November 15, 2005. I was surprised when I checked my cellphone and found out that there were already four missed calls and seven unread messages from the same number coming from someone not listed in my phonebook. I was only out from my office for less than 5 minutes to buy some snacks at a nearby Mini-Stop and to receive that many calls, it must be urgent.
The first message reads (and sent four times), “Jason, Steve here. Are your busy? I need your help.”
Followed by another message (sent three times), “I need your legal advice, I am in the police station right now.”
“Finally,” I said to myself, “the law caught up with him.”
I first met Steve December of 2004. Two days before I met him, he had been sending text messages to me. I asked him where he got my number and he said I gave it to him while we were chatting through mIRC. I find it weird because his number does not register in my phonebook and when I give out numbers to chatmates, I usually give it on a trade (I give my number, you give your number also). So I ignored him, but he still keep on sending messages and in several occasions, he called (he was using a Suncellular and so was I, so he must have unlimited call and text).
Right after getting out of the gym last December 23, 2004, I went straight to Glorieta to do my last minute Christmas Shopping (I was taking the morning flight on the following day and haven't bought gifts for my nephew and niece). While in Glorieta, my phone rung again. It was a call from Steve.
“Hi! Steve again, where are you?” He asked.
“I am in Glorieta.”
“Great! I am in Glorieta too, can we meet?”
“Ummm . . . okay.” I agreed to see him, at least I could already put a face to someone who has been sending me tons of text messages. “I am outside of Goldcrest, meet me here,” I said, “but meet lang to ha, I need to go home early. I haven't packed my bags yet and I am taking the morning flight tomorrow to our province.”
And so I met Steve. I was a little bit surprised that he actually look okay (experience tells me that kulit persons are not usually “physically blessed”) . He was tall (around 5'10”- 5'11”), moreno, lean (more of v-shaped-model-like-body). But what caught my attention was the bandage wrapped around his right arm. Pointing at his right hand, I asked, “What happened to that?” He answered an accident. I did not bother to inquire further.

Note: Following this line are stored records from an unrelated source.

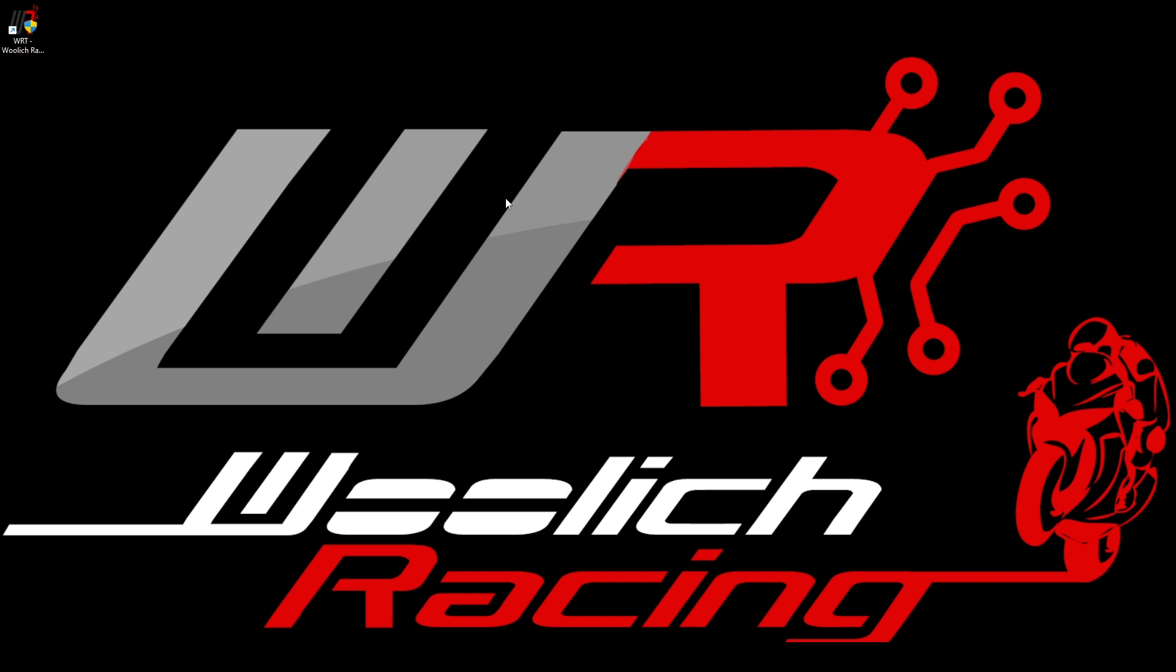Hi there and welcome to Woolwich Racing. This video will give you a general overview of the Woolwich Racing Tune software and its capabilities and features, as well as how to use it to tune your bike to the limit.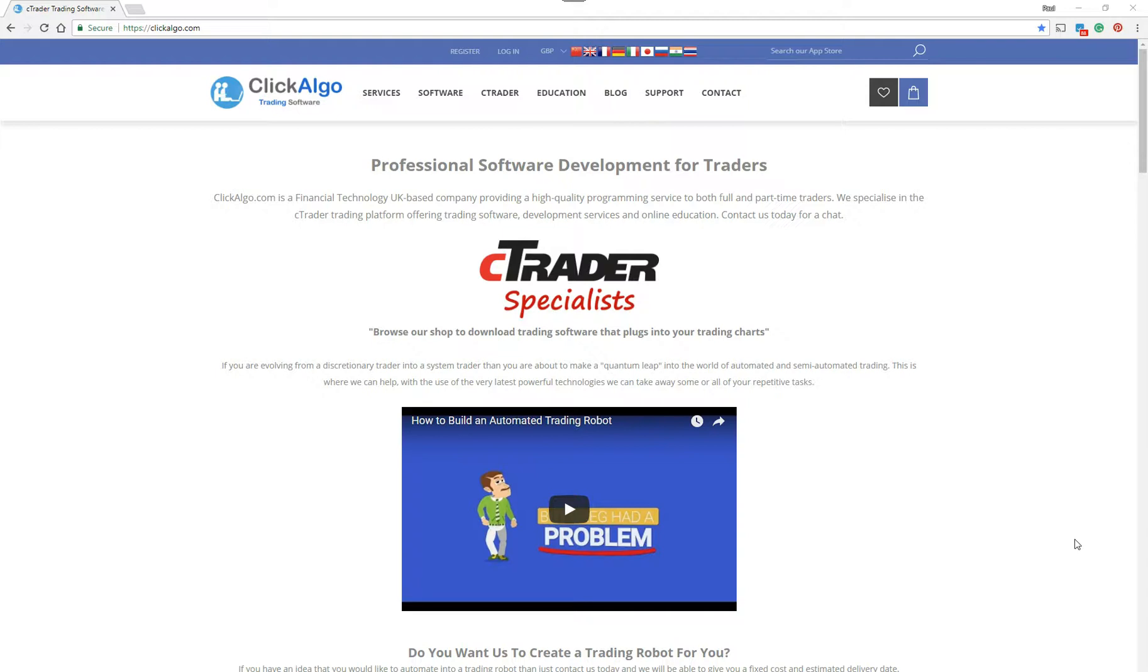Hello there. If you're a trader using the Ctrader trading platform for algorithmic trading and automated robots, then you might want to watch this video. This video is made for people that want to run their robots and test them with backtesting.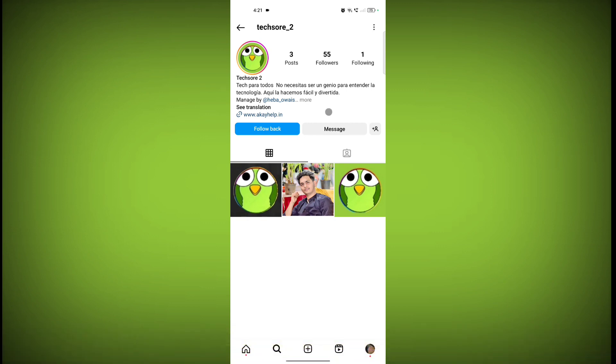Unfortunately, as of October 2023, there is no direct way to add or remove the 'See Translation' option in your Instagram bio.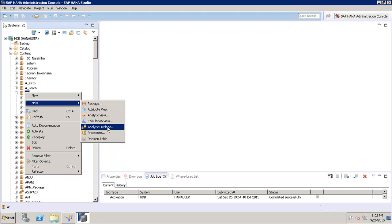In such scenarios, we create an analytic privilege and assign it to the user. For example, if we have an analytic view with employee details like employee name, employee ID, salary, and department, but we don't want the report developer to see salary details or employee logon details, we can hide that using analytic privilege. Note that analytic privilege can only be applied to attributes — not to measures — and controls read access on SAP HANA information views.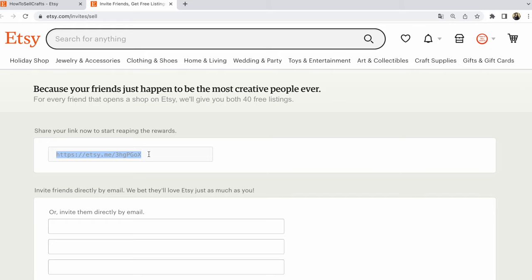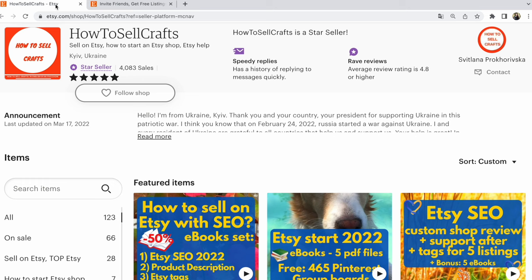Share your Etsy referral link. This is Svetlana Prokhorivska. If you need help, visit my Etsy shop How to Sell Crafts. Bye-bye, have a nice day.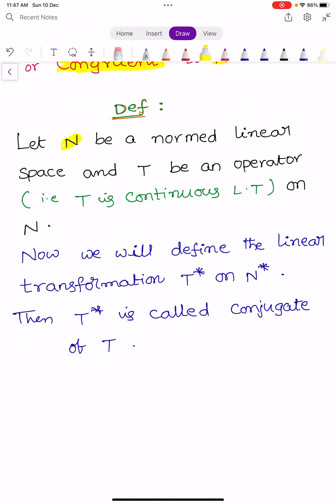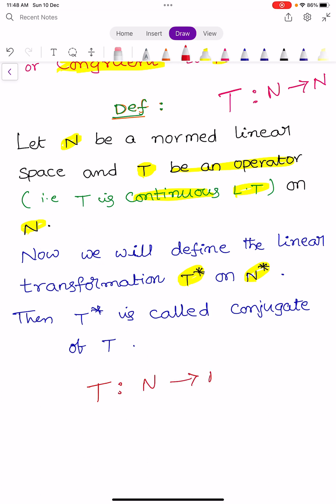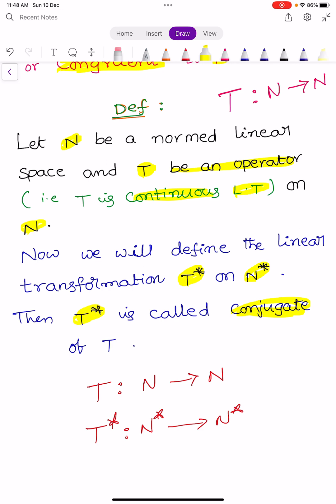Let capital N be a normed linear space and T be an operator, meaning T is a continuous linear transformation from N into N. We define another linear transformation T star on N star into N star. That is why we say T star is the conjugate of capital T.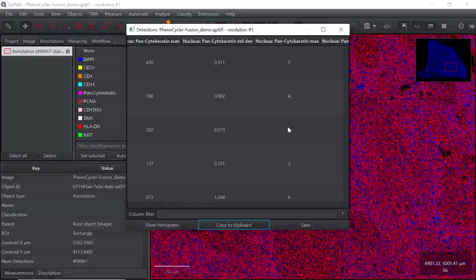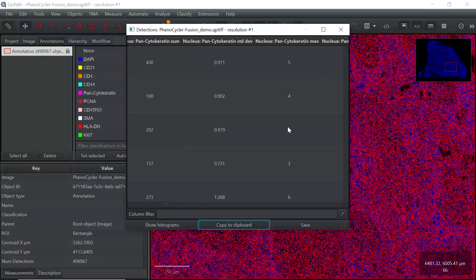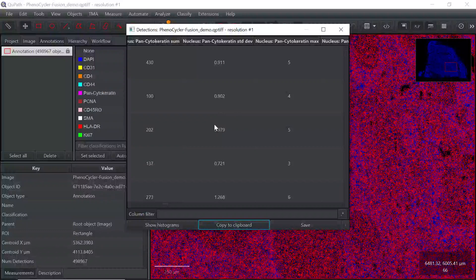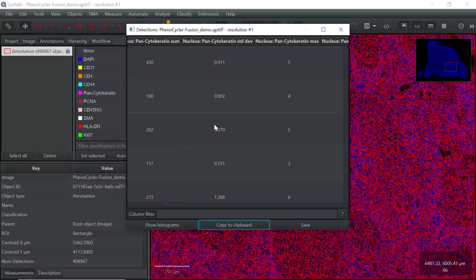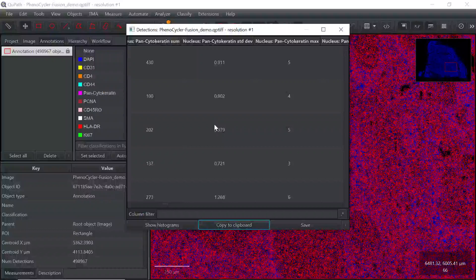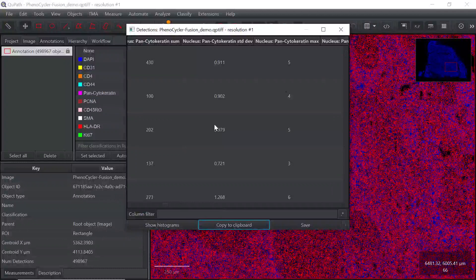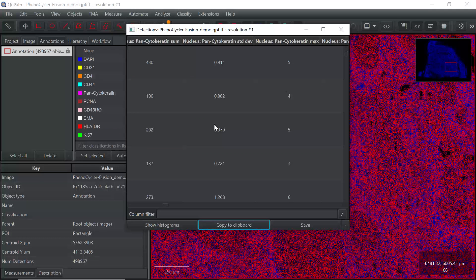That's today's demonstration. I showed you how to use QPath software and perform cell segregation analysis. If you copied your data and saved it into an Excel or CSV file, you can use that file to perform further analysis. I hope this video tutorial can help your spatial data analysis. If you like my video tutorials, please subscribe to my channel and share my videos with your friends. Thank you.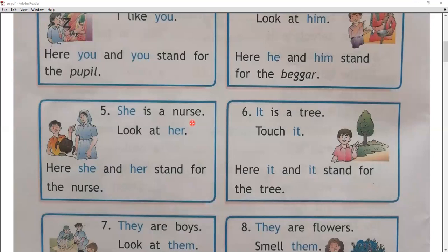It is a tree — touch it. अब देखो — it किसके लिए use किया गया है — tree के लिए. Touch it — ये वाला it भी tree के लिए use किया गया है. Here, it and it stand for the tree. It is used for things like trees.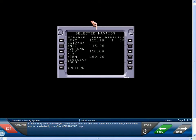In the unlikely event that the flight crew does not want the GPS to be part of the position data, the GPS data can be deselected by use of the MCDU NAVAID page.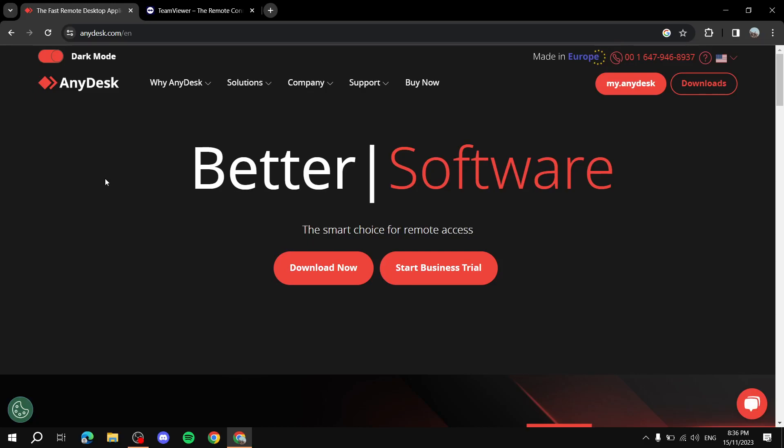Hey everyone, in this video I will be comparing AnyDesk and TeamViewer. I will be telling you the differences between them, what both of them are, and which one you should choose.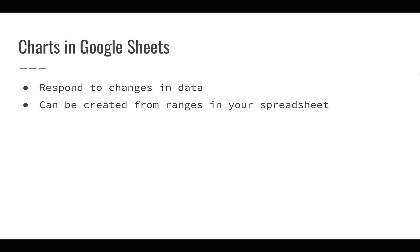In Google Sheets, charts can respond to the changes in your data. So you can create a chart, and then as your data changes, as other things are modified, as your data increases or grows, you're able to see those reflected in the chart. Charts can be really effective in a spreadsheet because you can create them once, and as your data is changed or as formulas change or as calculations change, you can see that without having to rebuild the chart.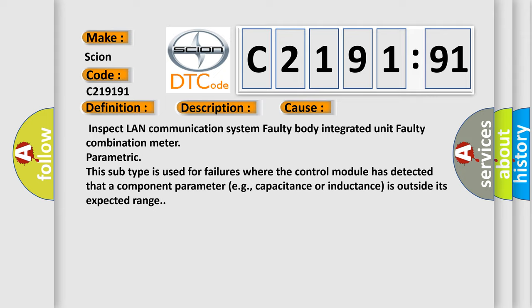Inspect LAN communication system. Faulty body integrated unit. Faulty combination meter parametric. This subtype is used for failures where the control module has detected that a component parameter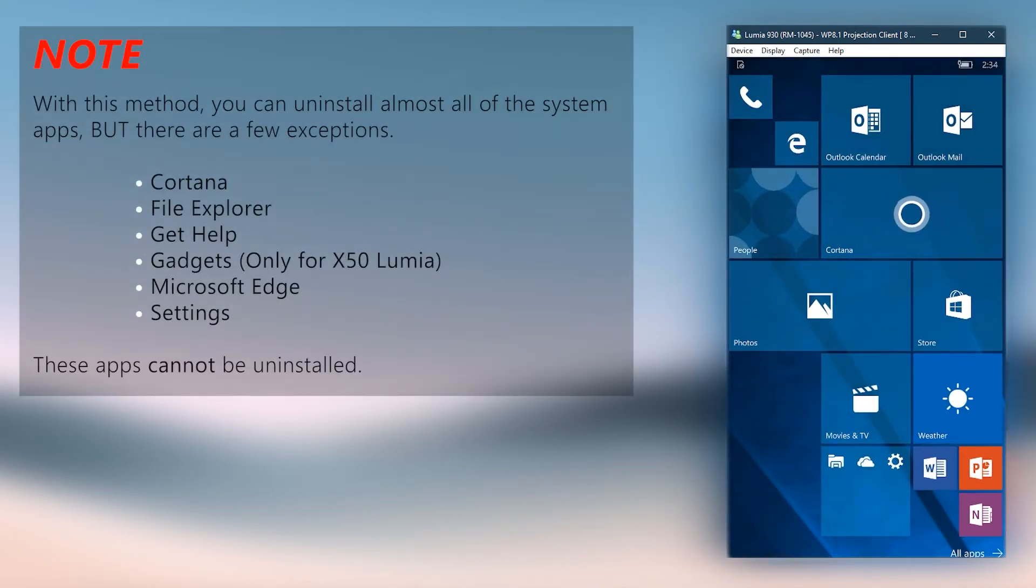With this method, you can uninstall almost all the apps in the phone but there are a few system apps which can't be uninstalled.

Steve is person you will easily like. He has lots stories to tell and is very engaging in conversation, cheerful, humorous. “I usually tell people that I meet that I am from Pasig,” he shared, “but i am actually just residing nearby.”
“Where?” I asked.
“Basta, dyan lang”
“Okay,” he gave in, “for now, I actually live with my aunt in Dasmariñas.”
“Nope,” he answered, “Village, here in Makati.”
WHOA! This guy is rich! (FYI: Dasmariñas and Forbes Park, are posh villages in Makati).
Much as would like to talk to him that night, I really have to go home early to pack my things. So I said goodbye. Insecure that I am, I thought that would probably the last time we see each other as he probably would be to choosy to see me again.
December 24, 2004. I was already at the airport and trying to wait for our flight to be called (delayed as usual!) when my cellphone rung. It was Steve.
“HI!” Damn!, I sound too excited.
“Are you still at the airport?” Steve Asked.
“Well, I might catch you there.”
“And why is that?” I inquired.
“Well, I woke this morning and realized that I'll be spending Christmas with my Aunt and her katulongs, (househelp), which I don't like. So I decided to spend Christmas in Boracay.”
“Ah okay, do you have reservation already for your flight?”
“None yet, I'll call the airline now and will call you later.”
Steve put down the phone. I thought, if this is true then he must be rich. While most of us really have to plan (and save money) for months for a trip to Boracay, this guy visit that place out of his whims.
Steve called again and told me that his driver is already bringing him to the airport. True indeed, moments later I saw Steve at the departure lounge wearing a khaki shorts, t-shirt and sneakers and carrying a backpack.
Pointing at his small backpack, I asked, “is that your luggage?”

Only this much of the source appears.